The source project contains two classes with several helpful example to learn from.
- Credit card masking.
- Remove extra spaces from strings.
- Conditional extracting parts from hyper links.
- Uncommon date extraction from a string with multiple dates.
- Method to increment alpha numeric strings.
Note
There is a secondary project below with source codeNote
Some code was not formatting in the last section so a link was done instead.
Performance
Rather repeat a great resource, see Regular Expression Improvements in .NET 7 by Stephen Toub - MSFT.
Implementation
To use source generated regular expressions GeneratedRegex attribute, create a static partial class.
Simple example which proper cases a string.
using System.Text.RegularExpressions;
namespace GeneratedRegexSamplesApp.Classes;
public static partial class Helpers
{
public static string ProperCased(this string source)
=> SentenceCaseRegex()
.Replace(source.ToLower(), s => s.Value.ToUpper());
[GeneratedRegex(@"(^[a-z])|\.\s+(.)", RegexOptions.ExplicitCapture)]
private static partial Regex SentenceCaseRegex();
}
After adding the class to a project, SentenceCaseRegex() will have red squiggly below until the project is built.
Once the project is built, the source code can be viewed under Dependences ➡️ Analyzers.
Documentation
Source generation has a bonus, documentation of the regular expression pattern which is helpful in two ways.
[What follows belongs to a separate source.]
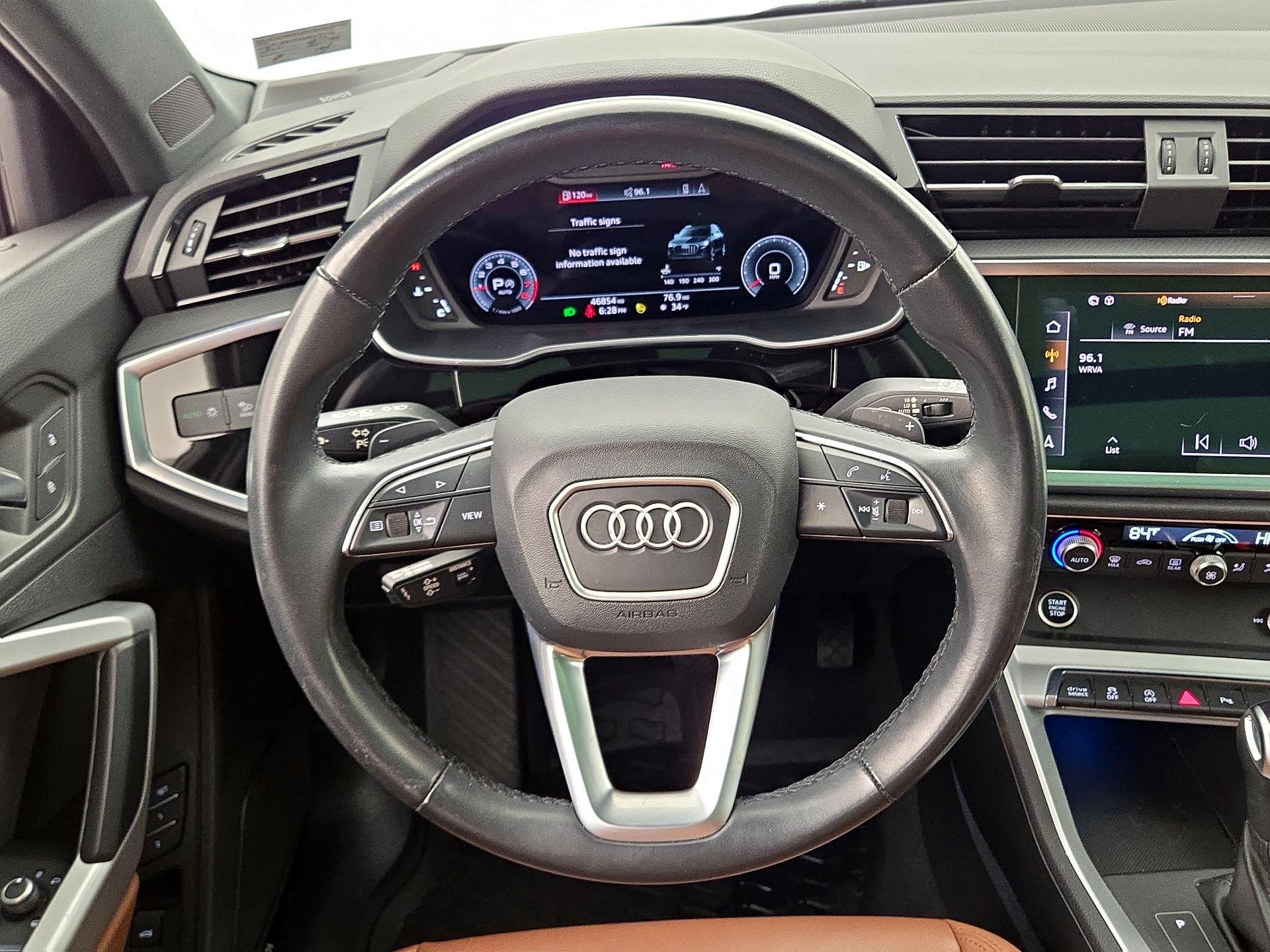 Thumbnail: 2022 Audi Q3 - 10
First, if a developer did not write the expression pattern the XML documentation helps to explain the pattern and secondly when the expression is in a library helps developer to know if the method using a specific pattern fits their needs.
To see the documentation, hover over the implementation or the method as shown below.
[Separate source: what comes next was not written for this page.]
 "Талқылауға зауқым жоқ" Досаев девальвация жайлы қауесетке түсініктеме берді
Important even though the documentation is provided does not mean there is no need for documentation of the method using the regular expression.
Perfect example, a method to determine if a social security number is valid were the social security number is passed with dashes.
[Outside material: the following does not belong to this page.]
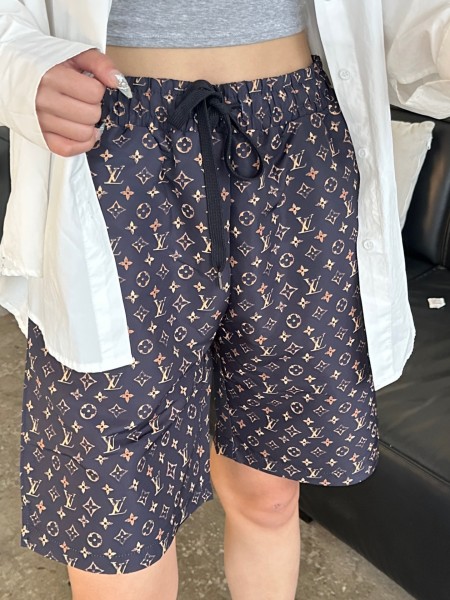 Clothes Louis Vuitton 20250410-3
Hover over the method provides the following which is correct but does not explain the why.
In this case the developer needs to explain the why as shown below to prevent fraud.
/// <summary>
/// Is a valid SSN
/// </summary>
/// <returns>True if valid, false if invalid SSN</returns>
/// <remarks>
///
/// Guaranteed to never be an empty string or null, client code handles this.
///
/// ^ #Start of expression
/// (?!\b(\d)\1+-(\d)\1+-(\d)\1+\b) #Don't allow all matching digits for every field
/// (?!123-45-6789|219-09-9999|078-05-1120) #Don't allow "123-45-6789", "219-09-9999" or "078-05-1120"
/// (?!666|000|9\d{2})\d{3} #Don't allow the SSN to begin with 666, 000 or anything between 900-999
/// - #A dash (separating Area and Group numbers)
/// (?!00)\d{2} #Don't allow the Group Number to be "00"
/// - #Another dash (separating Group and Serial numbers)
/// (?!0{4})\d{4} #Don't allow last four digits to be "0000"
/// $ #End of expression
/// </remarks>
public static bool IsValidSocialSecurityNumber(string value) => SSNValidationRegex().IsMatch(value.Replace("-", ""));
Separation of GeneratedRegex
Consider placing GeneratedRegex in a new file if there are many. For instance, given a class named StringExtensions create StringExtensions.cs then create a new file named GeneratedRegularExpressions.cs and alter the class name to StringExtensions.
Example for GeneratedRegularExpressions.cs
public static partial class StringExtensions
{
[GeneratedRegex(@"^(?=.*[a-z])(?=.*[A-Z])(?=.*\d)(?=.*[^\da-zA-Z]).{8,}$")]
private static partial Regex PasswordRegEx();
[GeneratedRegex(@"([A-Z][a-z]+)")]
private static partial Regex CaseRegEx();
[GeneratedRegex("[0-9]+$")]
private static partial Regex NumericSuffixRegEx();
[GeneratedRegex("[0-9][0-9 ]{13,}[0-9]")]
private static partial Regex CreditCardMaskRegEx();
}
Then the main code which is shown here.
Summary
Information and code samples have been provided to show how to implement source generation for RegEx (Regular Expressions) which provide better performance gains than conventional implementation of regular expressions with the bonus of XML documentation.